Go through the entries below and return every line that contains "device".
● ● ●
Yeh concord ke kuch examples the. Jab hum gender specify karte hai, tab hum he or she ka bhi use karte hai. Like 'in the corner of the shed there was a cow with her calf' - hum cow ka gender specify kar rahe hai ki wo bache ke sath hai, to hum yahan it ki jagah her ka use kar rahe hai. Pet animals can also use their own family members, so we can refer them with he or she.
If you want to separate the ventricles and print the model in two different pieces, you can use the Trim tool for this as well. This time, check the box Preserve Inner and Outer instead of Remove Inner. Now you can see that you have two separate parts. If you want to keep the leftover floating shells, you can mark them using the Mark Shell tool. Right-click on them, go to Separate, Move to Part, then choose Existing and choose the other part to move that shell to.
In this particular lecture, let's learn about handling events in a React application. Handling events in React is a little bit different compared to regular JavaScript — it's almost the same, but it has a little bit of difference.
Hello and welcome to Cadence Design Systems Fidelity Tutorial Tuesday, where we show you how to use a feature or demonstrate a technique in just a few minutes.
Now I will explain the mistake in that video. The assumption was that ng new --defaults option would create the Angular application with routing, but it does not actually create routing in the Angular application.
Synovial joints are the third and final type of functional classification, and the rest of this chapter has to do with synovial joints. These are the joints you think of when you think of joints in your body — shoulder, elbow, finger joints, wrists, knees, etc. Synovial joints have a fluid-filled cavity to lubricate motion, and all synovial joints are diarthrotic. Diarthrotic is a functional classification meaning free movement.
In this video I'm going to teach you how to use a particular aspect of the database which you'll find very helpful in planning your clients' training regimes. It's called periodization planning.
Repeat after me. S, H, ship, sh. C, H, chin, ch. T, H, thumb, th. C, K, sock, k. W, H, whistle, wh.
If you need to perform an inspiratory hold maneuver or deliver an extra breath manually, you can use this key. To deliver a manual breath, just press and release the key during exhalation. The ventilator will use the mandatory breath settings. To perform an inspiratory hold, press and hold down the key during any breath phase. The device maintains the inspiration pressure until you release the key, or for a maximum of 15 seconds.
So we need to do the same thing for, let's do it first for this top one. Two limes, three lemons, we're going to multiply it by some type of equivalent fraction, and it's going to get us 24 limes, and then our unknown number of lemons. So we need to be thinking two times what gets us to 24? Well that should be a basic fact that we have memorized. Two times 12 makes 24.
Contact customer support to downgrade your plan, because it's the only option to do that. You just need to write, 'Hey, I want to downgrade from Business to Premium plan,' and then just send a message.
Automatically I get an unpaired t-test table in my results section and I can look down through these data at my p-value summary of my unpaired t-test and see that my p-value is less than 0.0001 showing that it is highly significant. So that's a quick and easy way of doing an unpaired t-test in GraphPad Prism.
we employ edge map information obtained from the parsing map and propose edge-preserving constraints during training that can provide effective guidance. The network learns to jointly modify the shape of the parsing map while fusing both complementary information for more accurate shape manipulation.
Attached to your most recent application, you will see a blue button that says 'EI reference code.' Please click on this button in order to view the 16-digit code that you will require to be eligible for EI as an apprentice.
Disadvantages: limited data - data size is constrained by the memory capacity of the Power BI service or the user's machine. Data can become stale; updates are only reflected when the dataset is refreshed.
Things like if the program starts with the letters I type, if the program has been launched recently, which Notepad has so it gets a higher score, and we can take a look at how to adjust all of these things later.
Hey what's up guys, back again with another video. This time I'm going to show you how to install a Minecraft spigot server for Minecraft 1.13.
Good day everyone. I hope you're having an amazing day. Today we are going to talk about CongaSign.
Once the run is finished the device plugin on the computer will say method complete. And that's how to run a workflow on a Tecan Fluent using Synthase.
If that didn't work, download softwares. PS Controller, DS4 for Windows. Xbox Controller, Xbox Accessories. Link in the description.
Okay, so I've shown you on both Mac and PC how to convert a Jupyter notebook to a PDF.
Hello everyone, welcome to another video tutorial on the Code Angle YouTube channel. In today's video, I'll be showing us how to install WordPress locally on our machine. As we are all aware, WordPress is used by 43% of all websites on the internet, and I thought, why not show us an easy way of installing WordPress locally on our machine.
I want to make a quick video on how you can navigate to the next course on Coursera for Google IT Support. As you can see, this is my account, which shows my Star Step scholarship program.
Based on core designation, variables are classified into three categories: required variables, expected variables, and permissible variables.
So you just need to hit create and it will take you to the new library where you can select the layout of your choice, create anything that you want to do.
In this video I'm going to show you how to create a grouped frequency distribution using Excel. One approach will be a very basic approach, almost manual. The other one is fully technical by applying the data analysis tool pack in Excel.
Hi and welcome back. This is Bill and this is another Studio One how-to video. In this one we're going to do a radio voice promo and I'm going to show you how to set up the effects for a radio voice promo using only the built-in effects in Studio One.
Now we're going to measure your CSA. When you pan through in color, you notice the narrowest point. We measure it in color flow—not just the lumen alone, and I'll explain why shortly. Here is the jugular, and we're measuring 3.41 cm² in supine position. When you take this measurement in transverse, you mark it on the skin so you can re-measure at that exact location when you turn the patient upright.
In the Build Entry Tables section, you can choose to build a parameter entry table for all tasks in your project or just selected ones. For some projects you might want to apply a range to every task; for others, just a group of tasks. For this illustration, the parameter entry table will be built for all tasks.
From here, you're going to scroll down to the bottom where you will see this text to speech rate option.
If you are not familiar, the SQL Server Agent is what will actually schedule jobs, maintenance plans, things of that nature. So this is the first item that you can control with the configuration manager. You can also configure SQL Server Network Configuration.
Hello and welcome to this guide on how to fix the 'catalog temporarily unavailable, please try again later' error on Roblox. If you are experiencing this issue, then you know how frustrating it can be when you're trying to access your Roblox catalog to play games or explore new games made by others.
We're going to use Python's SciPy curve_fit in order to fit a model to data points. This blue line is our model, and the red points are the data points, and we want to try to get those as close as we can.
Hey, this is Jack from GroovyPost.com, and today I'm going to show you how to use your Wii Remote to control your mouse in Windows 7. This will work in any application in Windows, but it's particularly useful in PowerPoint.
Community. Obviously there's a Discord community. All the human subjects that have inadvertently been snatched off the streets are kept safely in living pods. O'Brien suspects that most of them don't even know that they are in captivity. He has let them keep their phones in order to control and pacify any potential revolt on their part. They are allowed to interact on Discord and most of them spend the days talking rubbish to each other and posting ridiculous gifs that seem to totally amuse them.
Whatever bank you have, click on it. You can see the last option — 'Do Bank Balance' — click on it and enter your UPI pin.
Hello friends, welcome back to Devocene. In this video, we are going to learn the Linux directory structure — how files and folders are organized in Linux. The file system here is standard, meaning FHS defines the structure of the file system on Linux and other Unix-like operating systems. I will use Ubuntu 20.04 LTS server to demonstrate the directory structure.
● ● ●
▶ **SOLUTION FOR THIS TASK**
If you need to perform an inspiratory hold maneuver or deliver an extra breath manually, you can use this key. To deliver a manual breath, just press and release the key during exhalation. The ventilator will use the mandatory breath settings. To perform an inspiratory hold, press and hold down the key during any breath phase. The device maintains the inspiration pressure until you release the key, or for a maximum of 15 seconds.
Once the run is finished the device plugin on the computer will say method complete. And that's how to run a workflow on a Tecan Fluent using Synthase.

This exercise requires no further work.